§ **Required action**: Please write out exactly the lines from the opening of the listing through the line that holds "I got this .22", including both, and nothing else; no pictures.

§ **Available data**:
┏━━
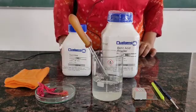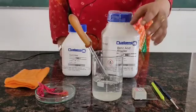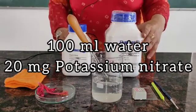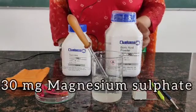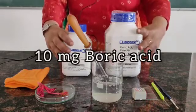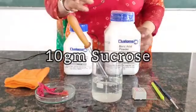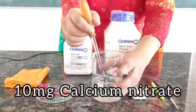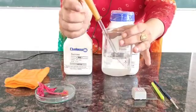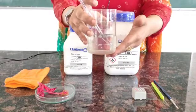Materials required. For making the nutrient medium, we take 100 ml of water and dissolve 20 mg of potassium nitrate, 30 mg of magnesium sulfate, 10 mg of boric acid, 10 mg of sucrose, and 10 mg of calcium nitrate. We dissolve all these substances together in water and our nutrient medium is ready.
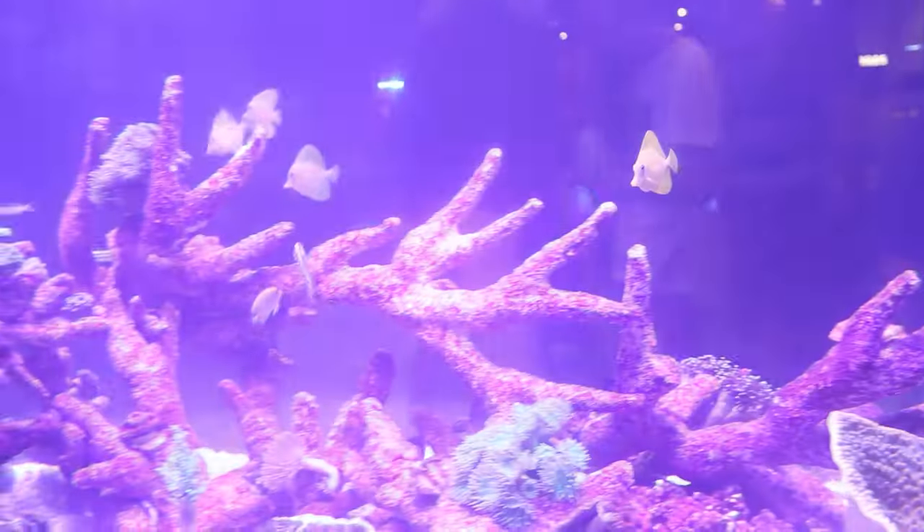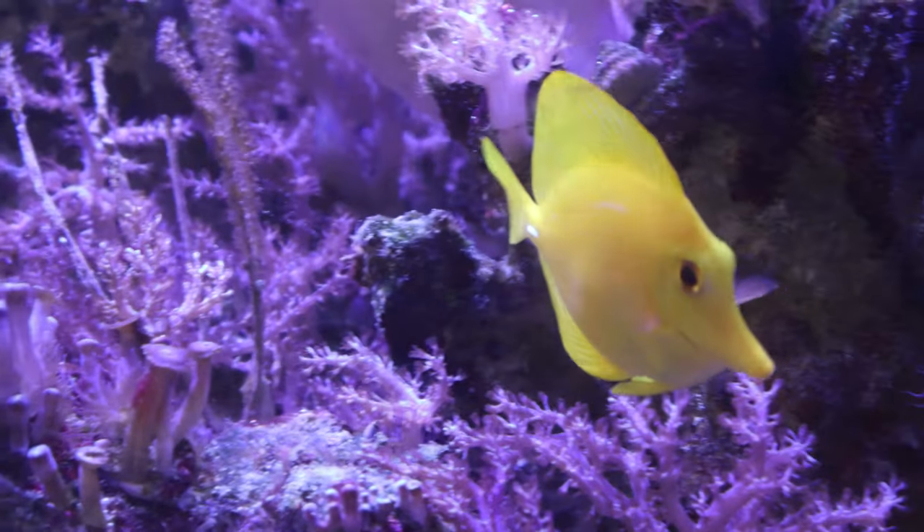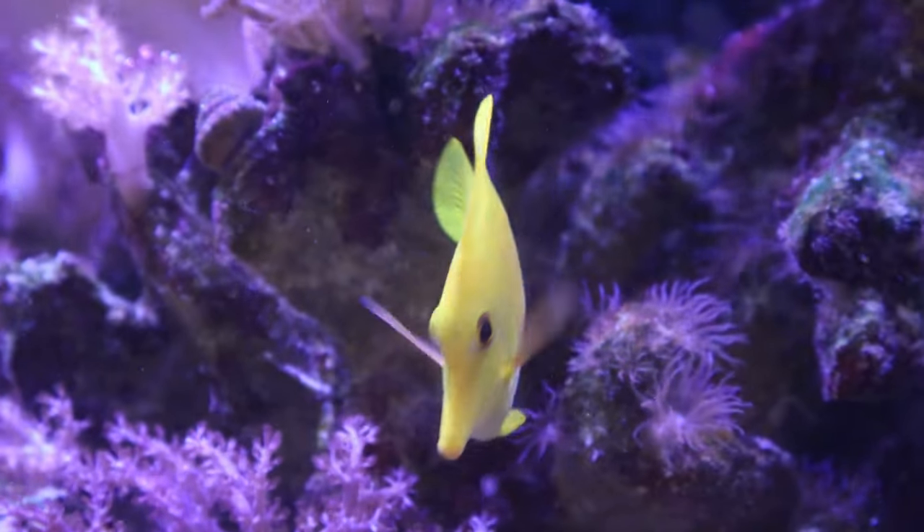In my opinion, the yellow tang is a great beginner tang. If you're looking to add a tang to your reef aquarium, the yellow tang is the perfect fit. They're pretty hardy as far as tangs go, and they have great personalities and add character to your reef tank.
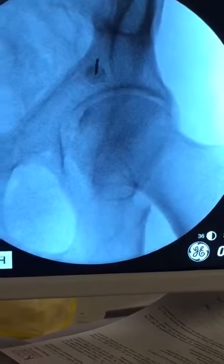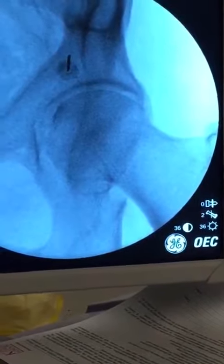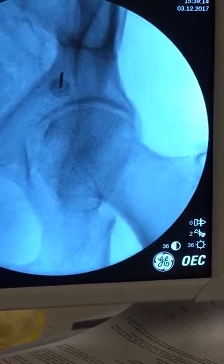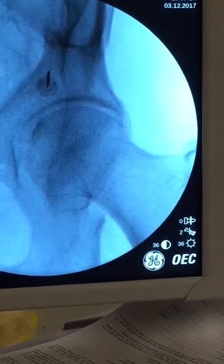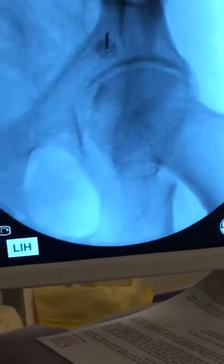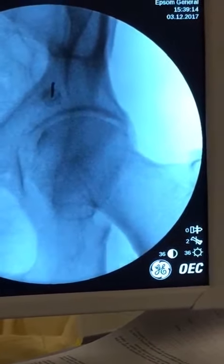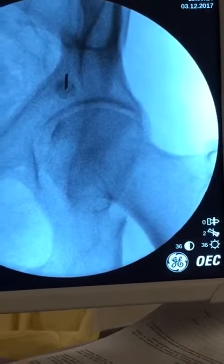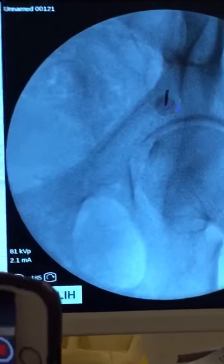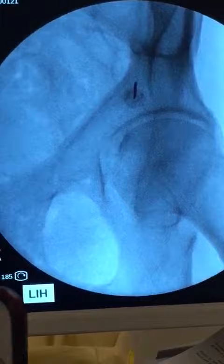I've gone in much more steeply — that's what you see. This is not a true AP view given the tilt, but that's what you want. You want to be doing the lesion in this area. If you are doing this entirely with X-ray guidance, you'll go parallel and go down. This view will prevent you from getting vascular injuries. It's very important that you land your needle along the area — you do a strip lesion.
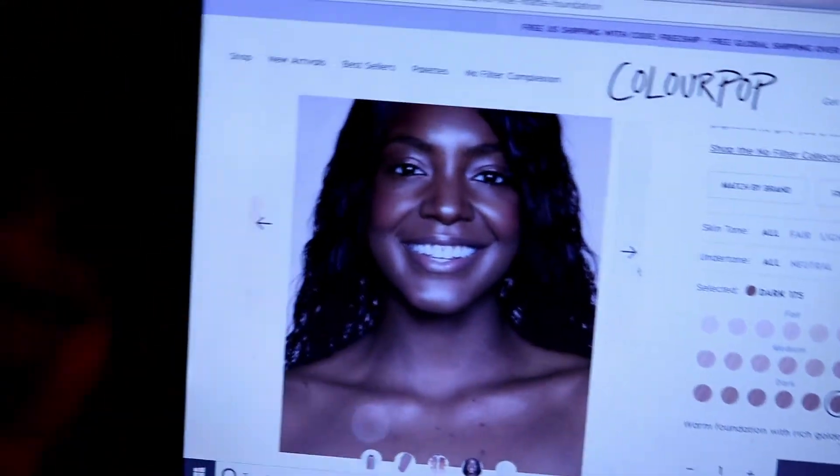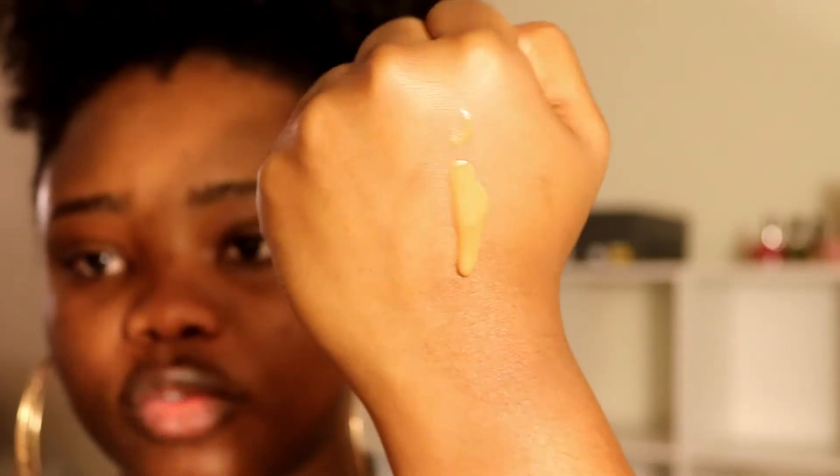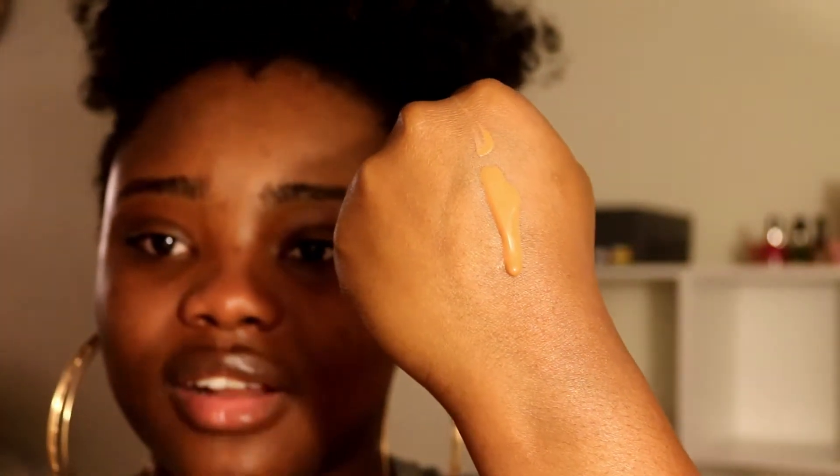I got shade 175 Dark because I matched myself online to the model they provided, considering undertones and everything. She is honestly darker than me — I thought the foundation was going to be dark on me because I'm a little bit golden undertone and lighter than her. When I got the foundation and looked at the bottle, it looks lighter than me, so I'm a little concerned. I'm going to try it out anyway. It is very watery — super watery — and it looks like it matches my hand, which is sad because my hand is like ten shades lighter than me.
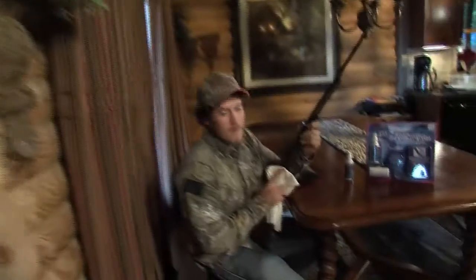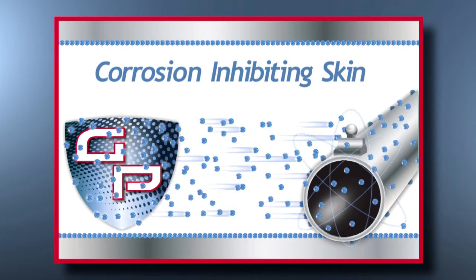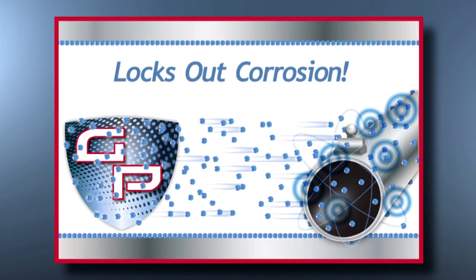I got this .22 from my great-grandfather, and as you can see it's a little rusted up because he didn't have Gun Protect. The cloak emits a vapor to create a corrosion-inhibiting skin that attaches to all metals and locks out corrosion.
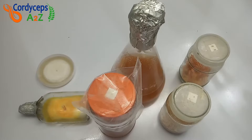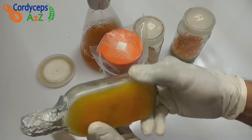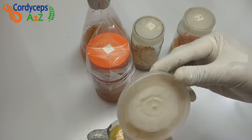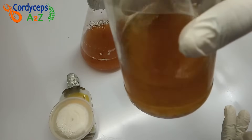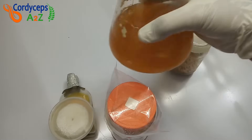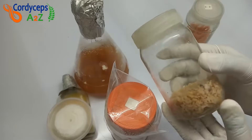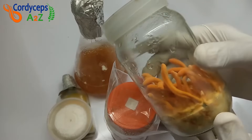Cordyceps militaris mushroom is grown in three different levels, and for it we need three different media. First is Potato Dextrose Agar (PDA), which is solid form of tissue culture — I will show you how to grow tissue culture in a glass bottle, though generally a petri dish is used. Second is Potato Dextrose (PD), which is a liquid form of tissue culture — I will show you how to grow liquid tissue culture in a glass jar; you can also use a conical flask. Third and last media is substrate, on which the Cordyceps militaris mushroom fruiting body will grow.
┗━━
§ **Expected output**:
Materials required. For making the nutrient medium, we take 100 ml of water and dissolve 20 mg of potassium nitrate, 30 mg of magnesium sulfate, 10 mg of boric acid, 10 mg of sucrose, and 10 mg of calcium nitrate. We dissolve all these substances together in water and our nutrient medium is ready.
In my opinion, the yellow tang is a great beginner tang. If you're looking to add a tang to your reef aquarium, the yellow tang is the perfect fit. They're pretty hardy as far as tangs go, and they have great personalities and add character to your reef tank.
I've gone in much more steeply — that's what you see. This is not a true AP view given the tilt, but that's what you want. You want to be doing the lesion in this area. If you are doing this entirely with X-ray guidance, you'll go parallel and go down. This view will prevent you from getting vascular injuries. It's very important that you land your needle along the area — you do a strip lesion.
I got shade 175 Dark because I matched myself online to the model they provided, considering undertones and everything. She is honestly darker than me — I thought the foundation was going to be dark on me because I'm a little bit golden undertone and lighter than her. When I got the foundation and looked at the bottle, it looks lighter than me, so I'm a little concerned. I'm going to try it out anyway. It is very watery — super watery — and it looks like it matches my hand, which is sad because my hand is like ten shades lighter than me.
I got this .22 from my great-grandfather, and as you can see it's a little rusted up because he didn't have Gun Protect. The cloak emits a vapor to create a corrosion-inhibiting skin that attaches to all metals and locks out corrosion.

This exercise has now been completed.